Commentary:
This paper holds a rather exclusive position in the domain of cardiac surgery; representing a rare, lethal, and mortal condition in a large number, 1010 cases, and spanning over 23 years, representing a single population. Ventricular septal rupture (VSR) is known to cause extensive damage to the myocardium with shunting across the ventricular chambers rendering volume overload. In the EuroScore II, risk assessment scale for cardiac surgery, VSR holds the maximum score on the scale (1).
Although excellent early reperfusion strategies for the myocardium following myocardial infarction (MI), have decreased the occurrence of VSR, the overall surgical mortality due to VSR reported in this paper is 38.9%. Ventricular septal rupture is seen in the first week following MI. Myocardium differs from the rest of the tissues owing to the potential ”limited blood supply to the damaged myocardium for healing due to narrowing of coronary arteries and the myocardium, which must continue to function during the process of repair, whereas other tissues can be immobilized”. Most of the patients are elderly with hypertension leading to increased afterload to the left ventricle (LV), furthermore leading to stress at the junction of the healthy and infracted tissues, which allows the paradoxical systolic movement leading to the rupture of the necrosed myocardium(2).

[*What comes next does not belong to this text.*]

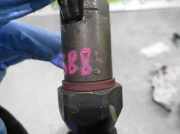 Kraftstoff-Injector LCR6705301E Ford MONDEO BERLINA (GD) 1.8 Turbodiesel CAT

In the study, the data collected by the authors, indicate that early surgery in cases with VSR leads to mortality(1 to 30 days Vs >30 days: Odds ratio of 0.35 Vs 0.25) owing to technical difficulties, more fragile tissues, which leads to the suture to cut through the necrosed myocardium, should be operated as late as possible if hemodynamics permit.
The authors also highlight the importance of concomitant coronary artery bypass grafting (CABG)(p=0.544) and Mitral Valve Repair (p=0.524) alongside VSR repair, adding that no additional risk was being imparted and it could prove to be beneficial to revascularize the weak myocardium in long run.
The study also mentions the role of percutaneous closure to bail out the crisis, pros & cons, indications, success rate (90%), and mortality.
In 1957, Denton Cooley first succeeded in surgical repair of VSR but unfortunately, the patient died 6 weeks later. The first successful long-term survivor was operated by Spencer Payne in 1960 by opening the right ventricular outflow tract (RVOT). The patient was asymptomatic 2 ½ yrs after surgery when followed up regularly (3). Early surgical repair of VSR following MI has drawbacks of its own, for example, suture cut through necrosed tissue. Via different approaches also, either through RV or LV, via direct suture closure, prosthetic closure, or percutaneous closure, outcomes are not satisfactory. Despite understanding the pathophysiology, early diagnosis, and revascularization, advances of cardiopulmonary bypass techniques and mechanical circulatory support like Intra Aortic Balloon Pump (IABP), ventricular assist devices, outcomes are dismal owing to the loss of functional myocardial reserve. A tailor can design the garment in the desired fashion, but can’t change the quality of cloth, the same analogy is applied to the surgeon as well, till the quality of the myocardium is good.